PROBLEM STATEMENT >> Could you repeat all of the entries exactly, leaving out any pictures?

RECORDS TO USE >>
#####
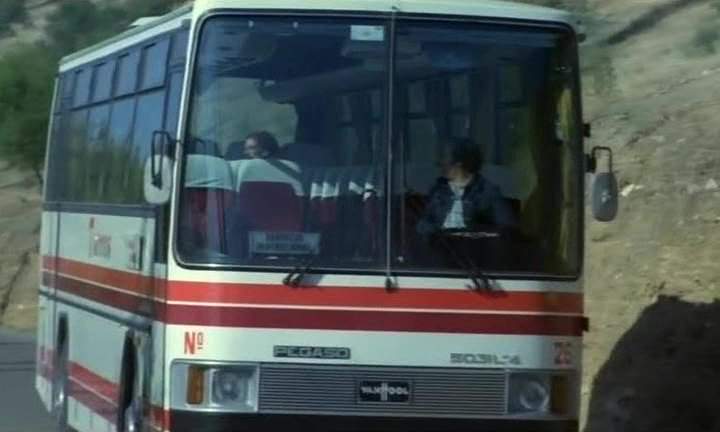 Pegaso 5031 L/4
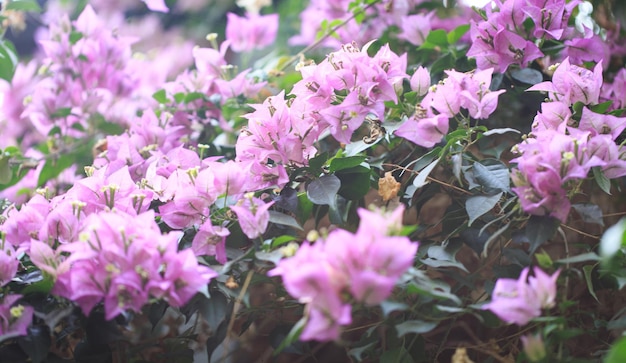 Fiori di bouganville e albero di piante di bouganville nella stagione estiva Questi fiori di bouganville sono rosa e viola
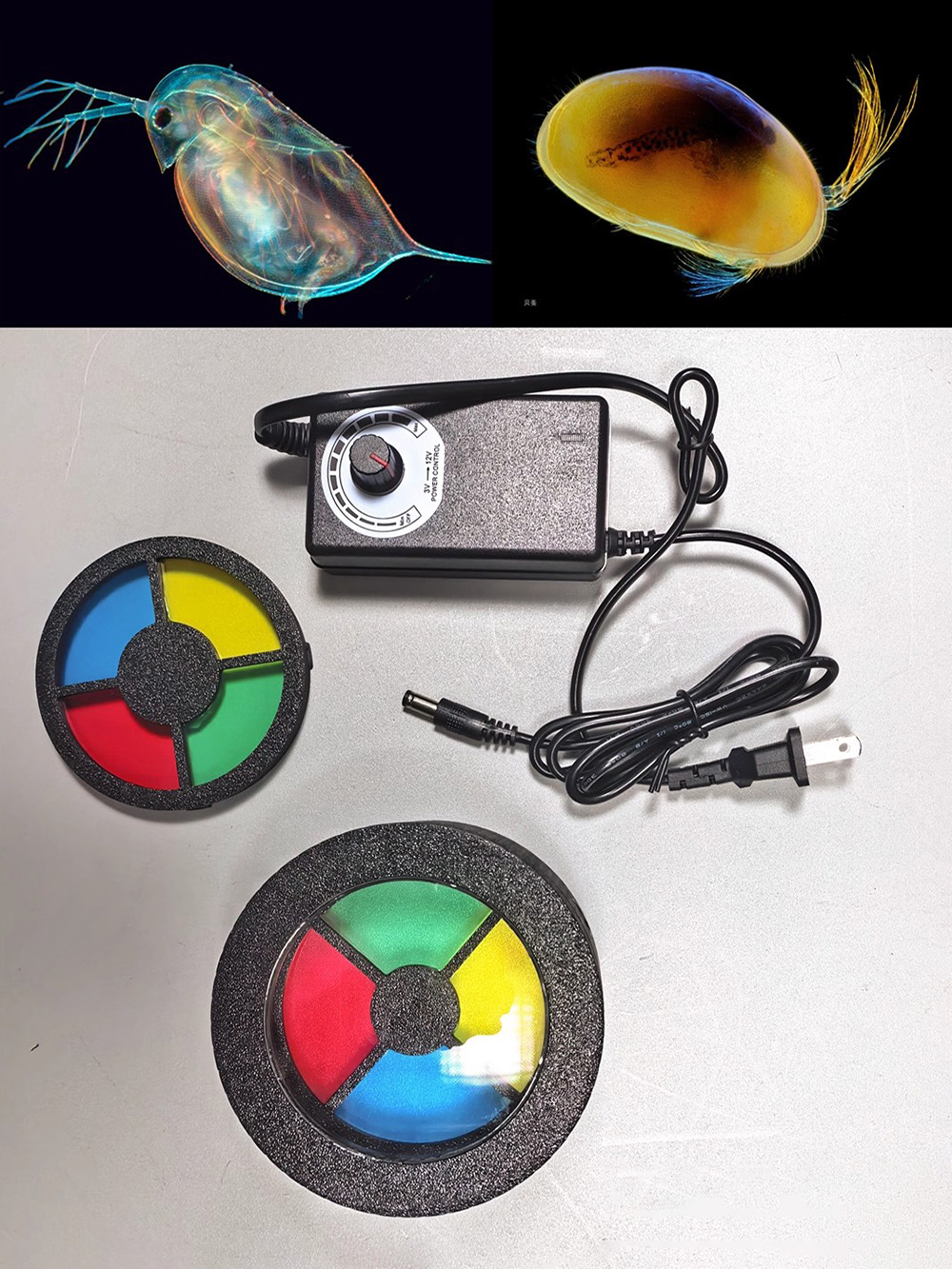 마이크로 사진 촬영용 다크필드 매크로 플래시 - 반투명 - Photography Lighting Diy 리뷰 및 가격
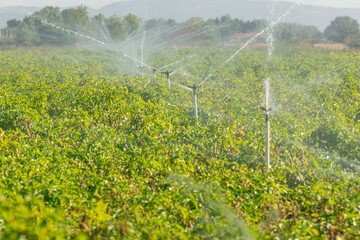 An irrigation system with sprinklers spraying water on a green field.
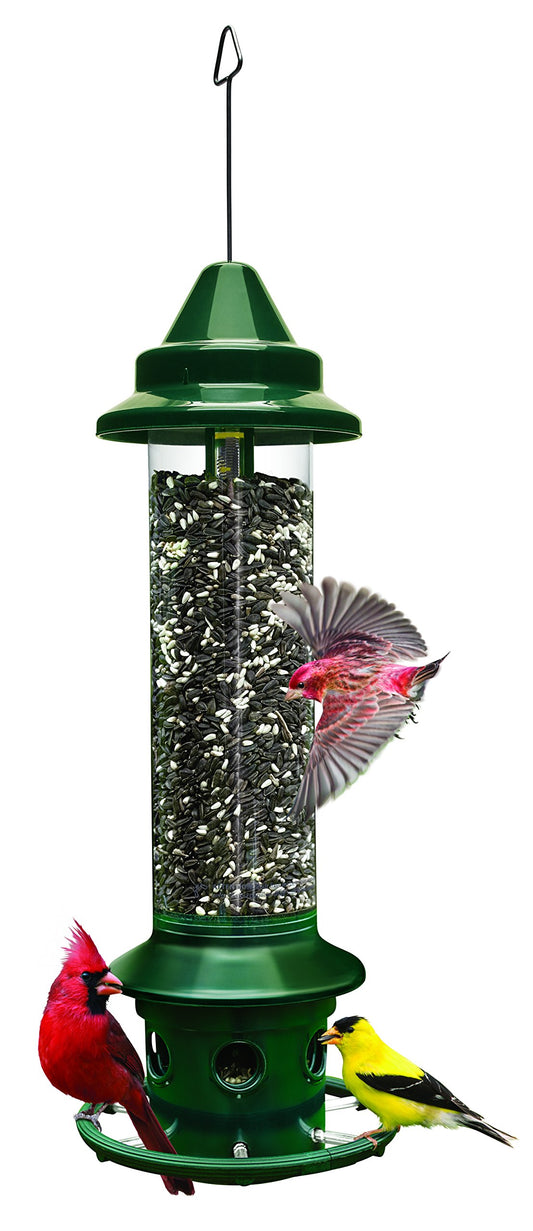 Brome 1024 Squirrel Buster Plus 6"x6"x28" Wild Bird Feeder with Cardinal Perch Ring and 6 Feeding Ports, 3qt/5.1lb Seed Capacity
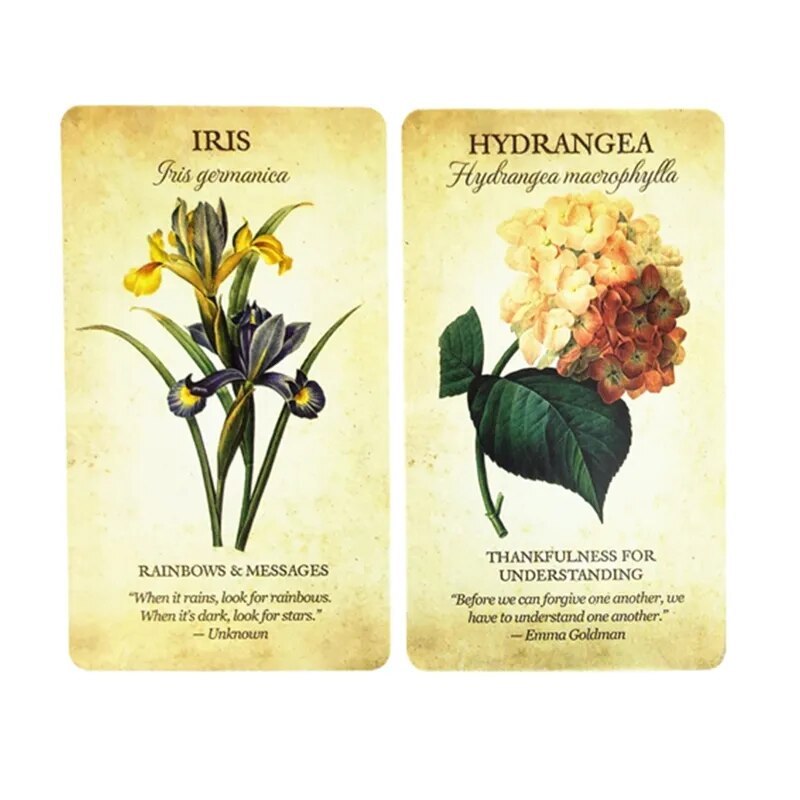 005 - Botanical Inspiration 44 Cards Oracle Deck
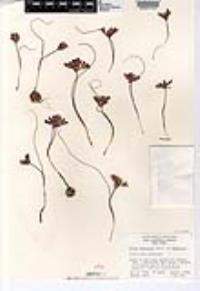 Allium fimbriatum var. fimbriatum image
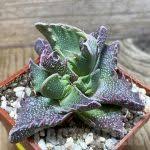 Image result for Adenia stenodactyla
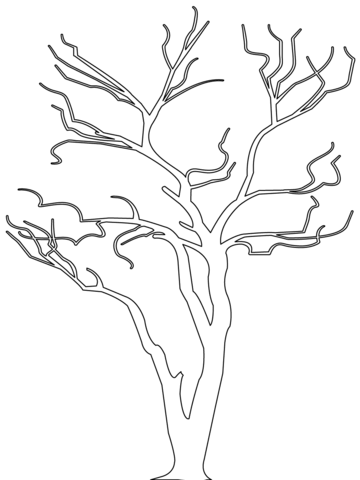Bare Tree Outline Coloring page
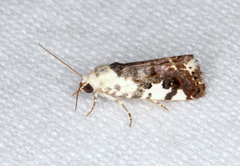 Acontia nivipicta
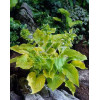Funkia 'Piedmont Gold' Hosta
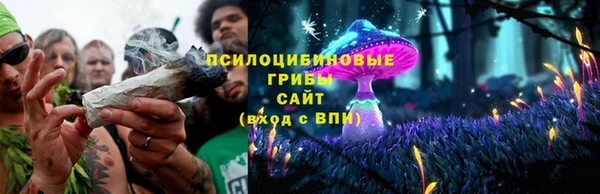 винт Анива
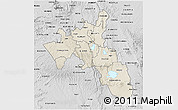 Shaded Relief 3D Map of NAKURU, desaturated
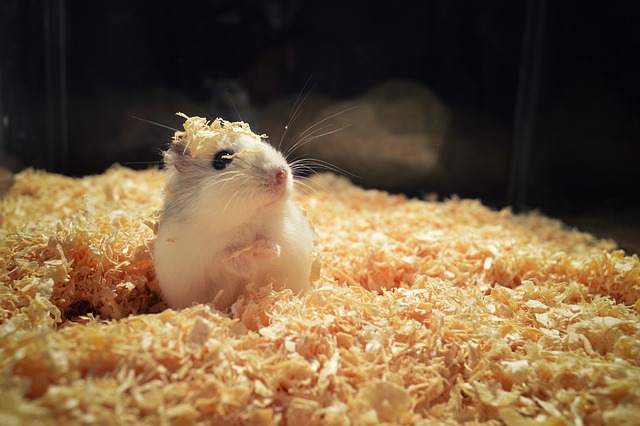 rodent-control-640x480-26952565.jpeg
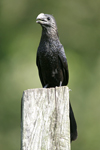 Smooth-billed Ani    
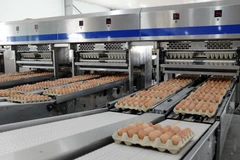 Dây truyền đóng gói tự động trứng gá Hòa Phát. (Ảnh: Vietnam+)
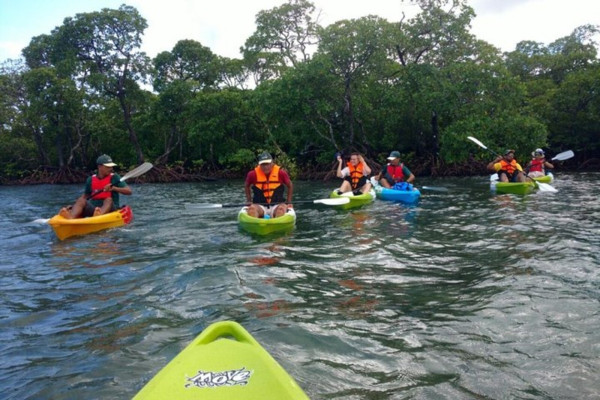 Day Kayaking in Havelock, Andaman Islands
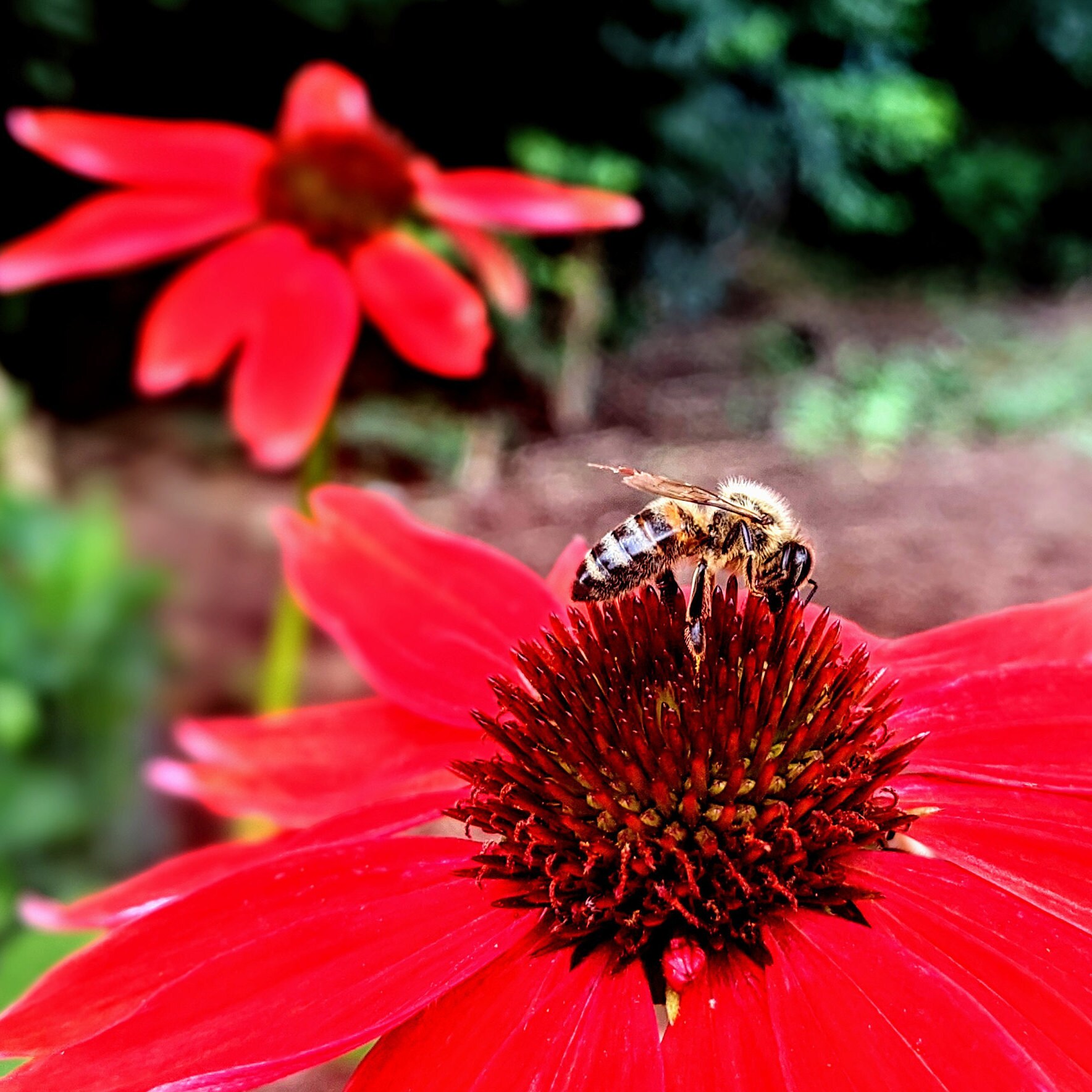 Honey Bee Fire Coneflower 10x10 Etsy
#####
OUTPUT BELOW >>
 Pegaso 5031 L/4
 Fiori di bouganville e albero di piante di bouganville nella stagione estiva Questi fiori di bouganville sono rosa e viola
 마이크로 사진 촬영용 다크필드 매크로 플래시 - 반투명 - Photography Lighting Diy 리뷰 및 가격
 An irrigation system with sprinklers spraying water on a green field.
 Brome 1024 Squirrel Buster Plus 6"x6"x28" Wild Bird Feeder with Cardinal Perch Ring and 6 Feeding Ports, 3qt/5.1lb Seed Capacity
 005 - Botanical Inspiration 44 Cards Oracle Deck
 Allium fimbriatum var. fimbriatum image
 Image result for Adenia stenodactyla
Bare Tree Outline Coloring page
 Acontia nivipicta
Funkia 'Piedmont Gold' Hosta
 винт Анива
 Shaded Relief 3D Map of NAKURU, desaturated
 rodent-control-640x480-26952565.jpeg
 Smooth-billed Ani    
 Dây truyền đóng gói tự động trứng gá Hòa Phát. (Ảnh: Vietnam+)
 Day Kayaking in Havelock, Andaman Islands
 Honey Bee Fire Coneflower 10x10 Etsy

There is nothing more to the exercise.